I began my writing journey over ten years ago and from the get go I submersed myself in learning and refining my craft. Even then, I heard talk about ‘finding your writing voice,’ but didn’t pay it much attention. I mean, I was too busy trying to learn how to write a book : ) I read every romance and women’s fiction that I could get my hands on, and joined a critique group.
Then I started to attend conferences and saying I was overwhelmed, well that’s putting it mildly. A few years passed, and I found workshops no longer exhausted and overwhelmed me. Instead, I actually began taking away information that I could apply to my own writing projects. I thought, hey, my book is good, but it can be so much better, so I used what I learned. I entered contests and received some great feedback. I pitched to editors and although they rejected my projects, I often received nice, detailed letters encouraging me to revise and resubmit.

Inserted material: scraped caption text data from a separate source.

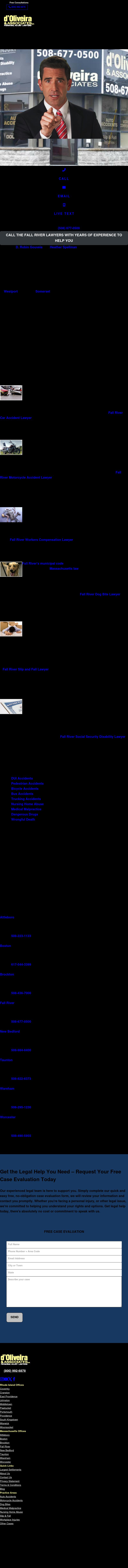 d'Oliveira & Associates - Fall River MA Lawyers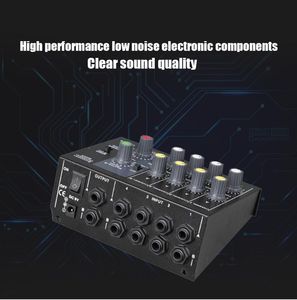 Freeshipping DAOI 8-channel line mixer Cara OK microphone amplifier reverberation board Microphone Digital Reverb Plat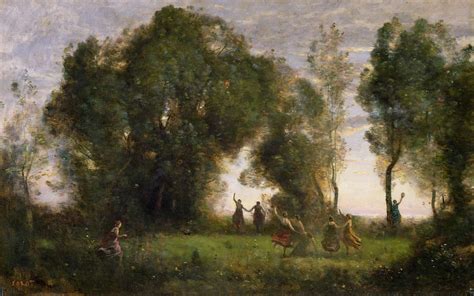 The Dance Of The Nymphs By Jean Baptiste Camille Corot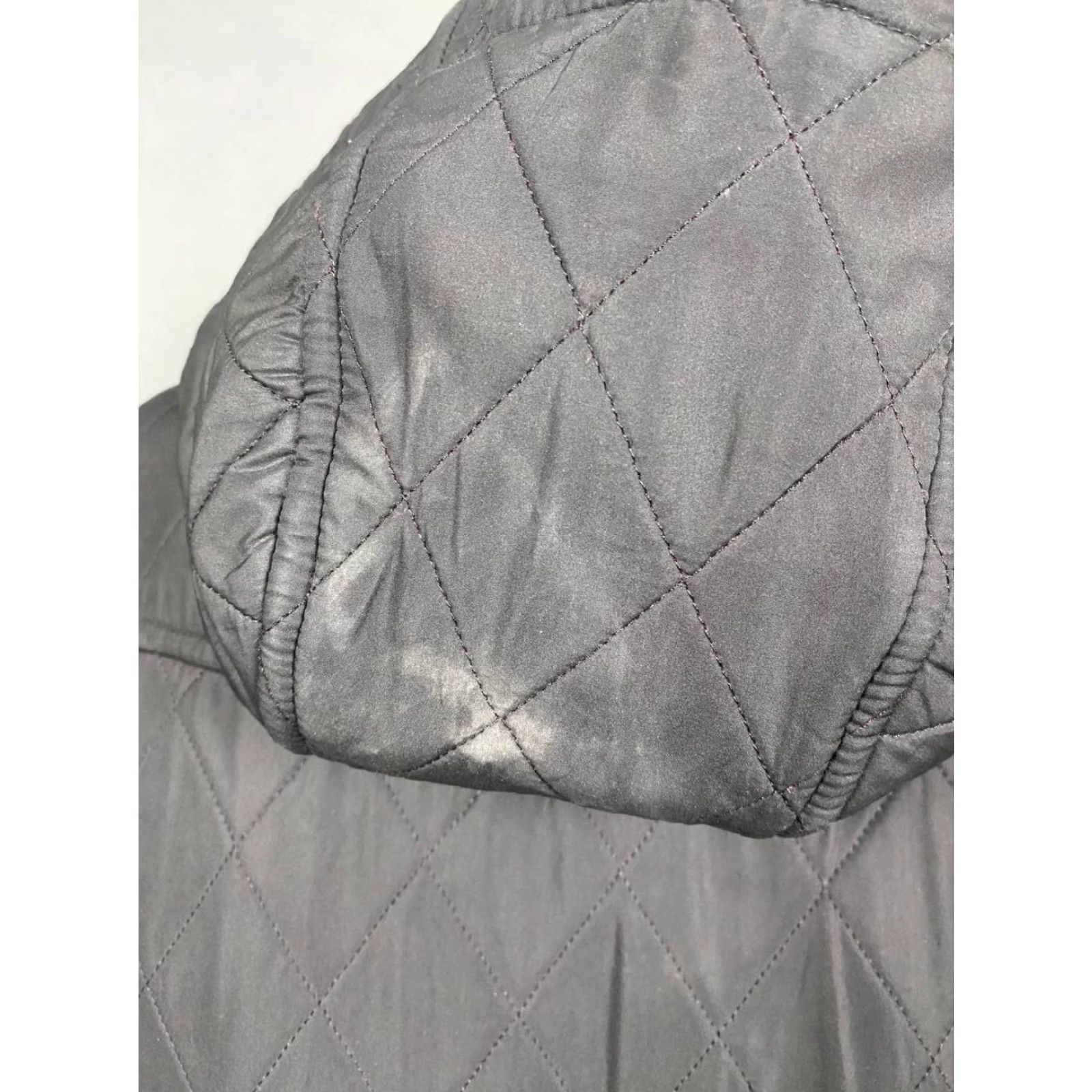 Barbour Barbour International Womens Quilted Jacket Long Sleeve Zip Belted Black 10 Jacket Womens Barbour International Quilted Belted Long Sleeve Black 10 Size L / US 10 / IT 46 - 6 Thumbnail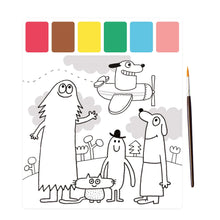 Peinture à la palette magique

On some of the revision letters I was told to take my writing to the next level—the story flows, now add some personality and give the book flavor. Now, some writer’s sell their very first book, or even their second. Some go on to win awards and become NYTimes bestsellers right off the bat. I’m not one of those writers. Everything I’ve ever wanted I’ve had to work hard for. Ahhh, but that’s another blog for another day : )
Anyway, I wondered about what the editors had said, what it meant to take my writing to the next level, so I talked to as many published writers as I could and they all told me the same thing. Relax and trust in your skills, it will happen. But I was still frustrated. It doesn’t help that I’m the kind of person who hates to wait. What did they mean, relax? I kept thinking, when will it happen? Where is this voice I’m supposed to have and why is it so hard to find? Not until I pushed the thought from my mind–when I said enough of this frustration and trying to find something I don’t know how to find, did I truly relax. And what do you know…

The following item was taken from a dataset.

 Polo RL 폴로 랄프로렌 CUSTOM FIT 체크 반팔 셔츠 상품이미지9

I had my ‘aha’ moment a few weeks later when I was reading a chapter I’d written out loud to myself. I liked what I was hearing and somehow it seemed different than my other books. My dialogue was more conversational–my characters witty and real. I caught myself laughing at these people I’d written–what they were doing, and why.

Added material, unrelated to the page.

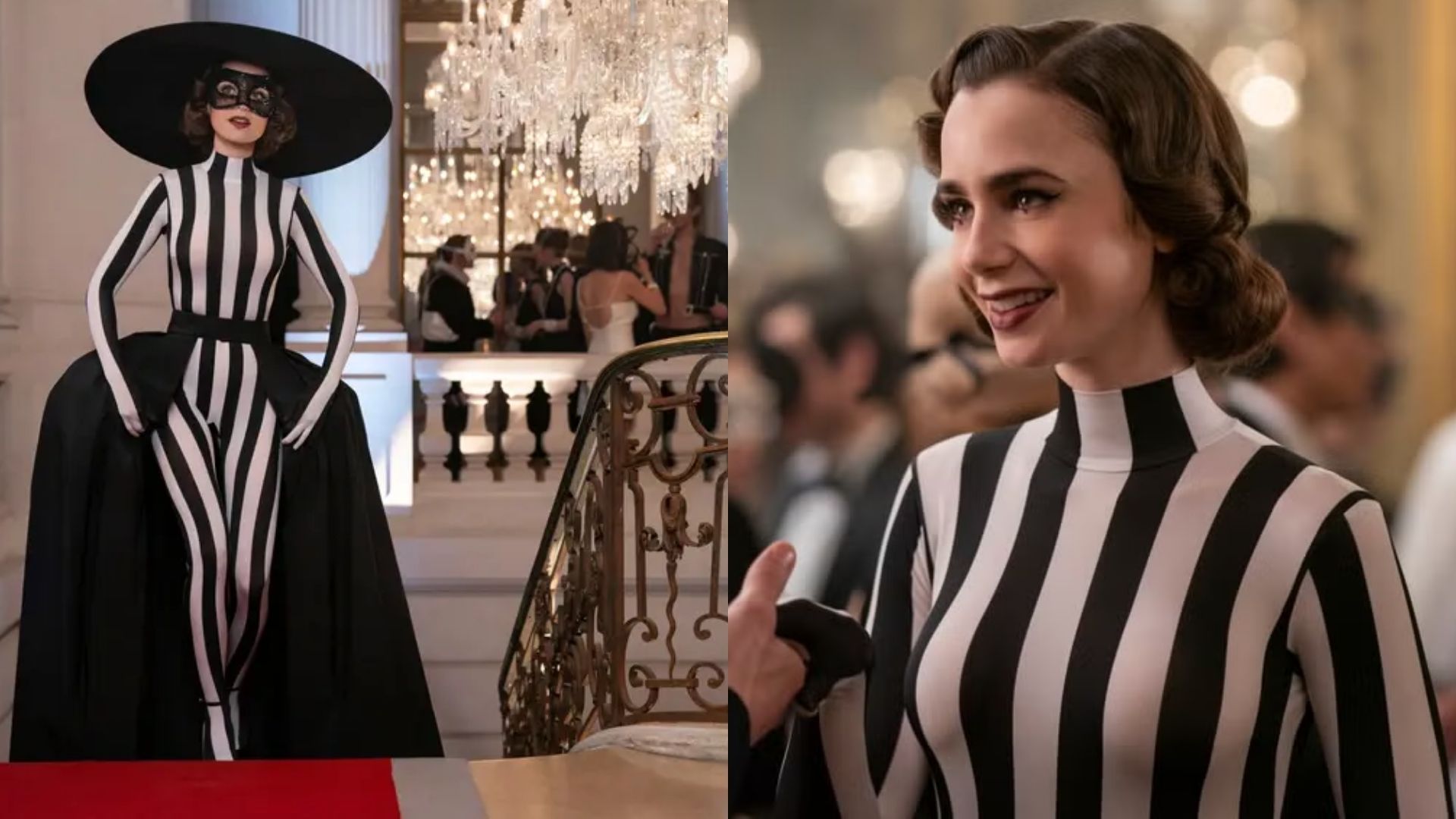 Audrey Hepburn-Inspired Striped Ensemble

I added my personality, made my characters endearing, quirky and appealing, and it was then, not until I was well into my fourth book, that my writing voice took form. I found that by giving my characters the opportunity to become real people reader’s want to relate to, my writing voice flowed freely.
It’s funny, I’ve heard that when you read your book, the emotions you feel are the emotions the reader will feel, but somehow I didn’t get it until it happened to me. Right there in the quiet of my own little office on a day I will never forget, I found the voice that had probably been there all alone. I just didn’t know how to coax it to come on out and play : )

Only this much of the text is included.